For me, it turns out that the key is to use single Q function as critic, as opposed to the SAC's double q solution.

When I use double q networks, the reward values are in [-1, 1] range, which are not that high. I will try with single Q-function! Thanks you so much.

mw9385 commented 1 year ago

We use critic rate=3e-4 so that could be one source of divergence.

Also will recommend trying higher alpha like 1e-2 or 1e-1 if the above fix doesn't help. There also could be a potential issue on how the expert data is generated and whether it matches exactly with the policy data (obs normalization, etc.)

I will try with critic learning rate 3e-4 with single Q-networks. Also, set my initial alpha value as 1e-2. I will let you know my results. Also I will check my network input whether they are correctly normalized.

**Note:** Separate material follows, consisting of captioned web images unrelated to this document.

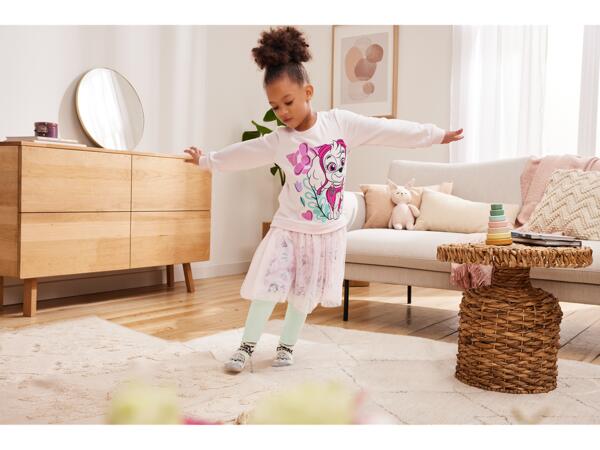 Kids' Sweatshirt Dress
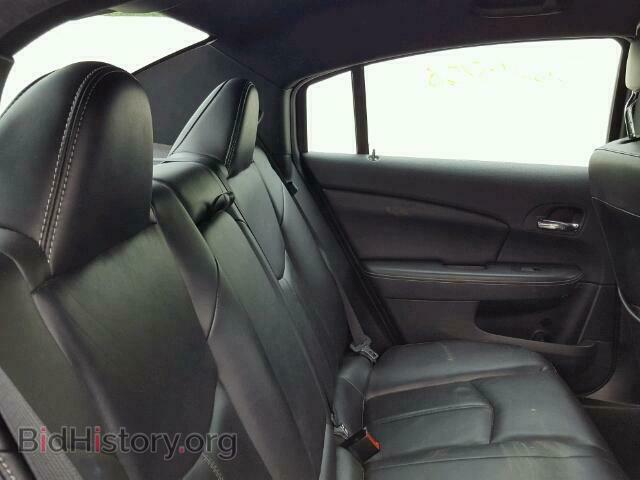 2013 CHRYSLER 200 - VIN: 1C3CCBCG1DN718923 - Photo 6
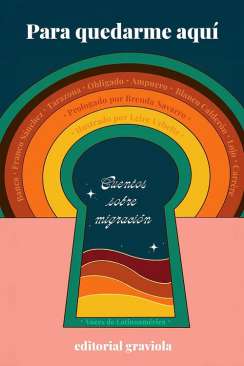 Para quedarme aqu�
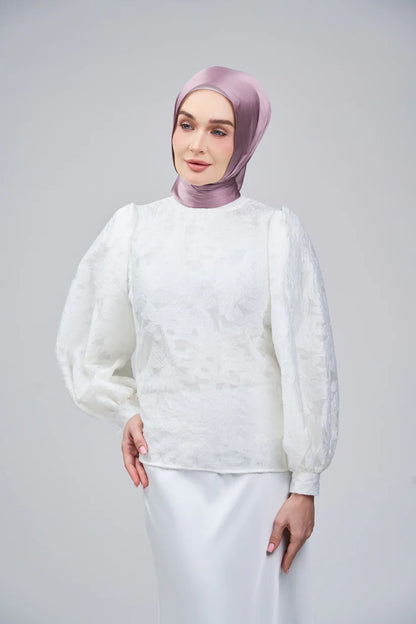 HoodX SL Special B.E in Deep Mauve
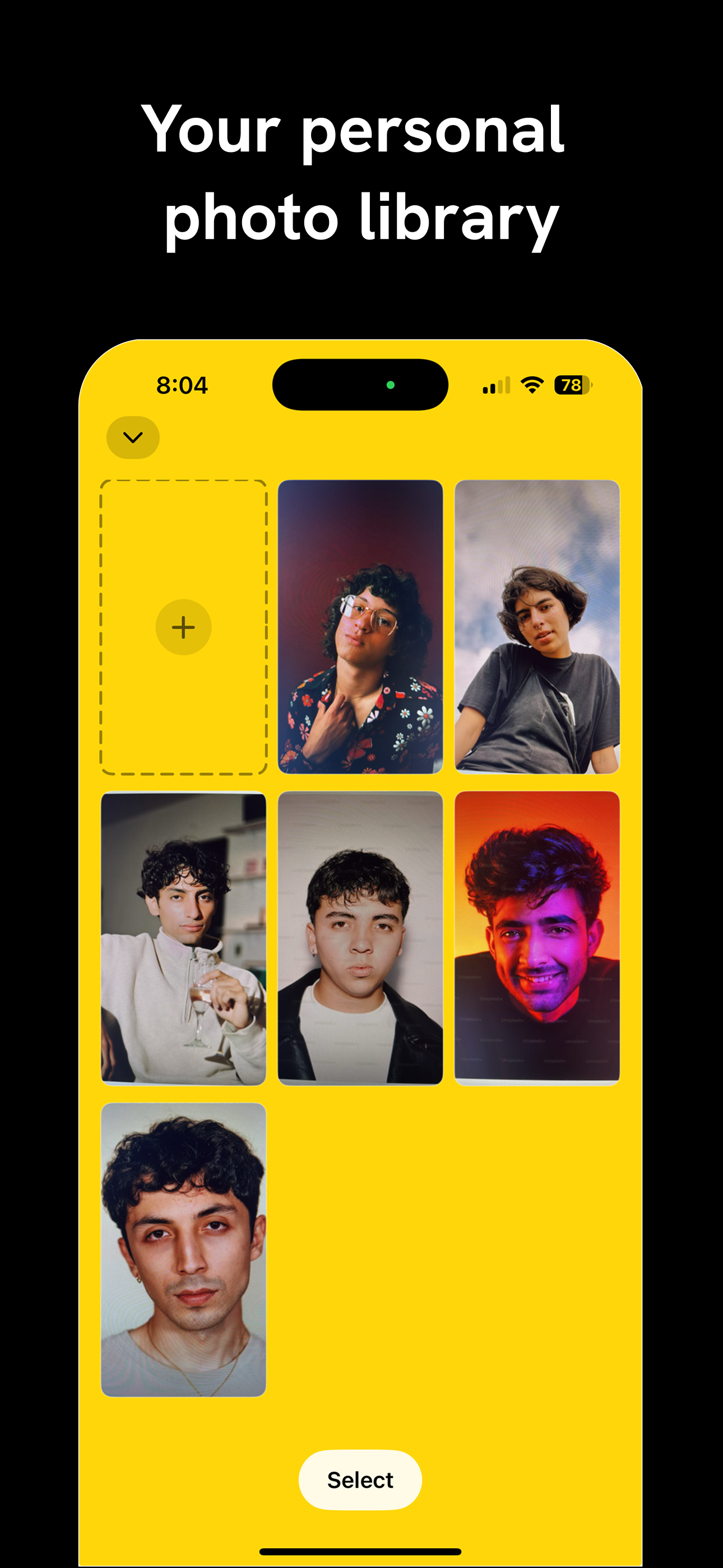 Klick #1 AI Camera Assistant gallery image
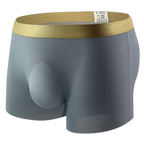U Convex Pouch Seamless Boxer Briefs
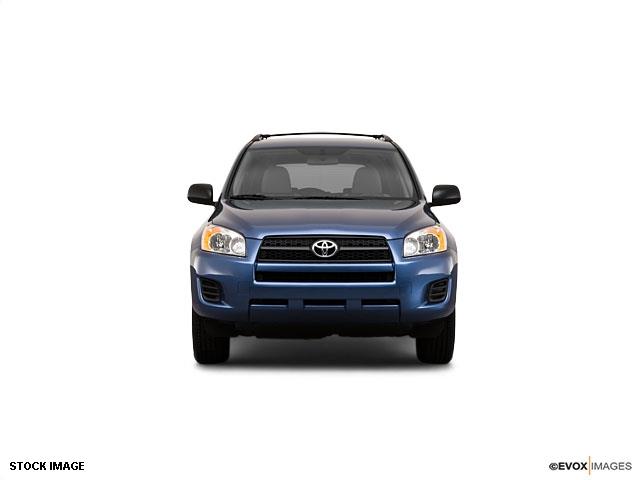 Toyota RAV4 2010 photo 3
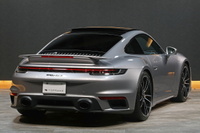 2023 Porsche 911 null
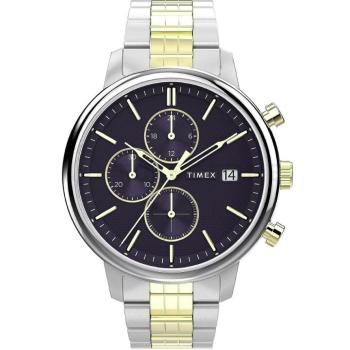 Timex Chicago TW2W13300UK - 30 dnů na vrácení zboží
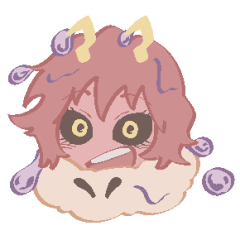 芦戸ちゃんだらけ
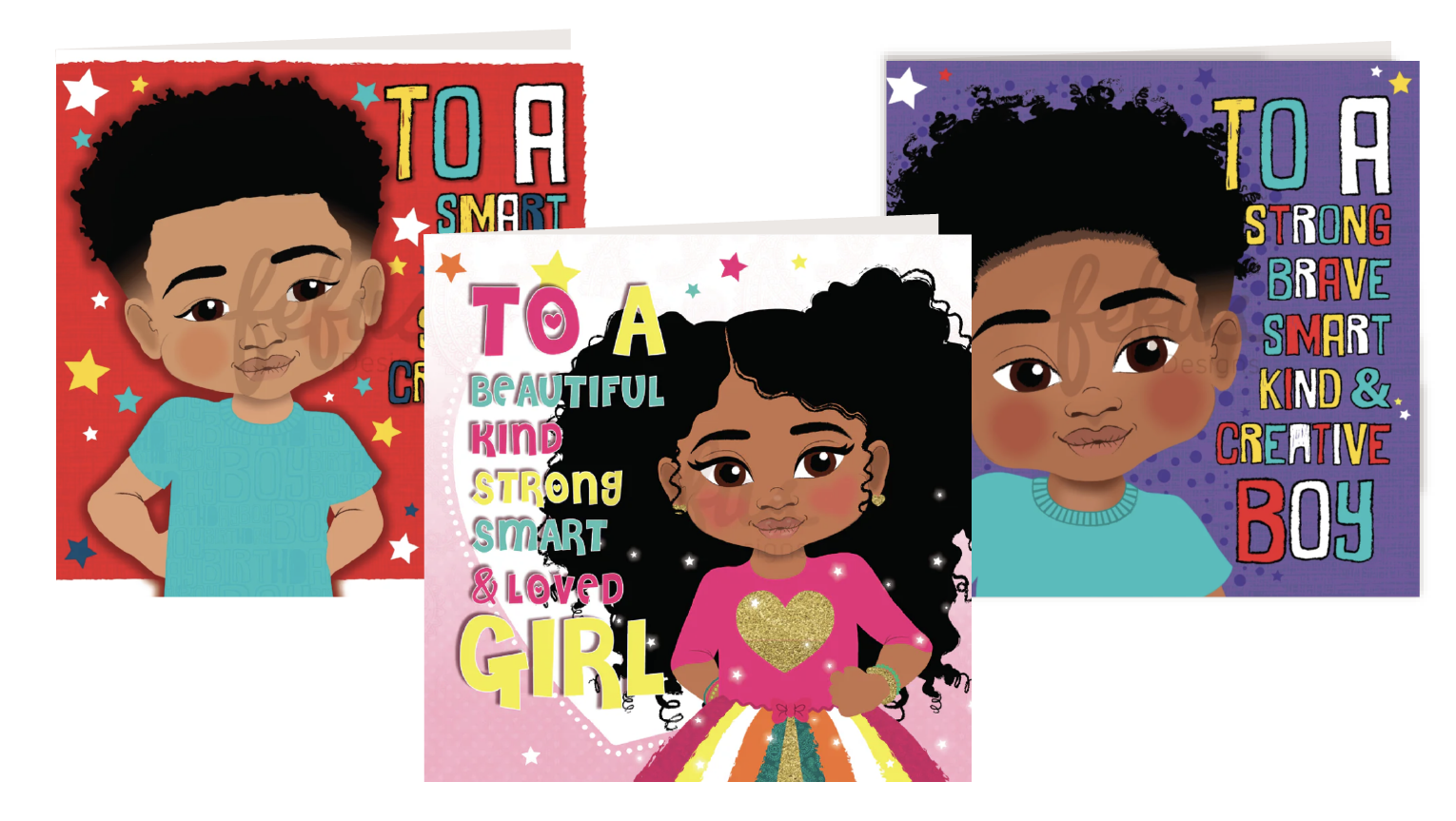 Afro-Asian, Blasian, Mixed Race & Dual Heritage Children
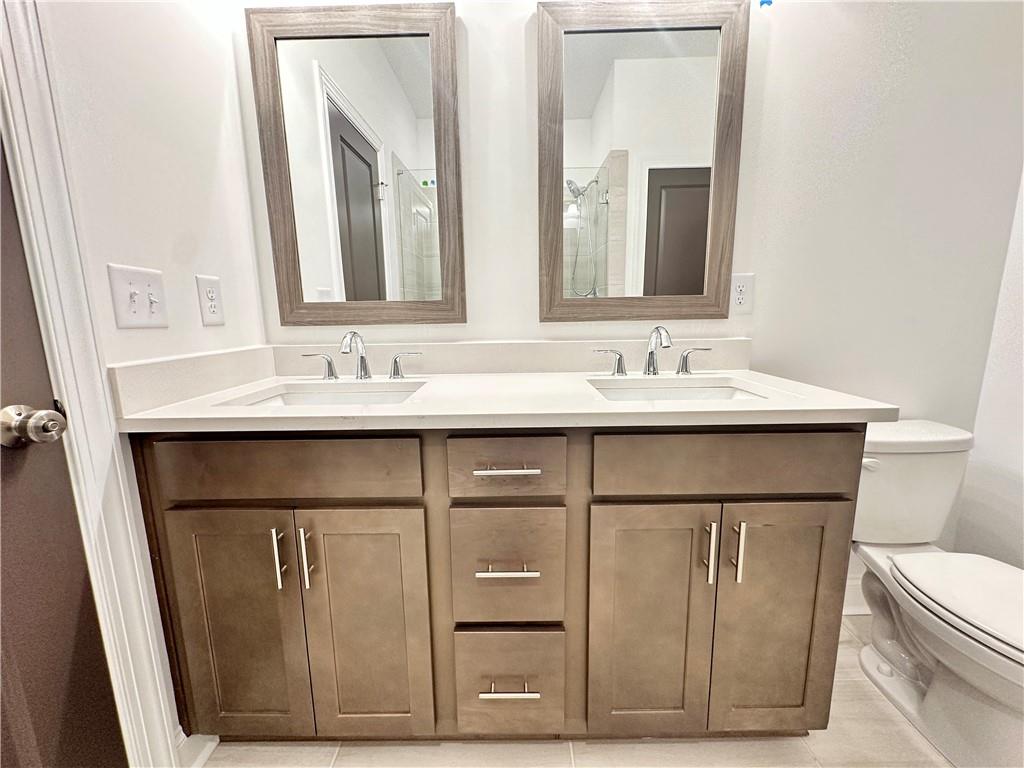 Market Square at Sawnee Village - Residential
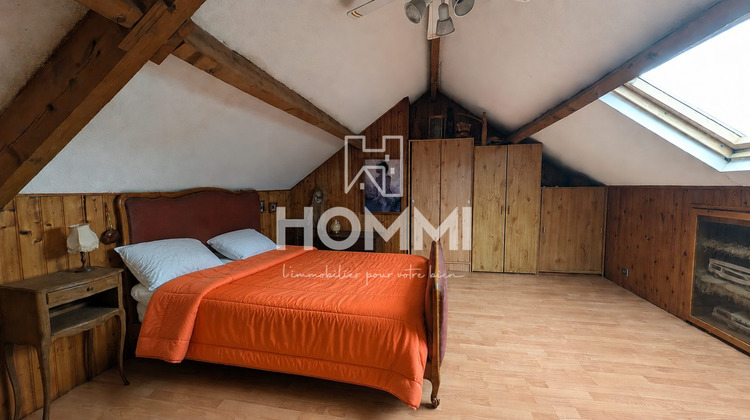 Ma-Cabane - Vente Maison Sucé-sur-Erdre, 110 m²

mw9385 commented 1 year ago

@Altriaex @Div99 Hi, I have tried with single Q critic and it works. I didn't see any divergence of critic loss. I ran the original code in the repo and my loss shows similar behavior. The reason of divergence is that the critic produces negative output (which means that the critic thinks that current states and actions are bad), and as the training iteration goes on q values become more and more negative resulting in divergence. Using single critic removes this dug.

Many thanks :)

mw9385 commented 1 year ago

@Div99 Sorry, I have to reopen the issue, because the loss function seems to be very unstable. It is fluctuating in a large magnitude. The followings are my hyperparameters:

스크린샷 2023-01-20 오후 10 52 36

스크린샷 2023-01-20 오후 10 52 43

mw9385 commented 1 year ago

I have solved this issue by tuning hyperparameters. Closing this issue.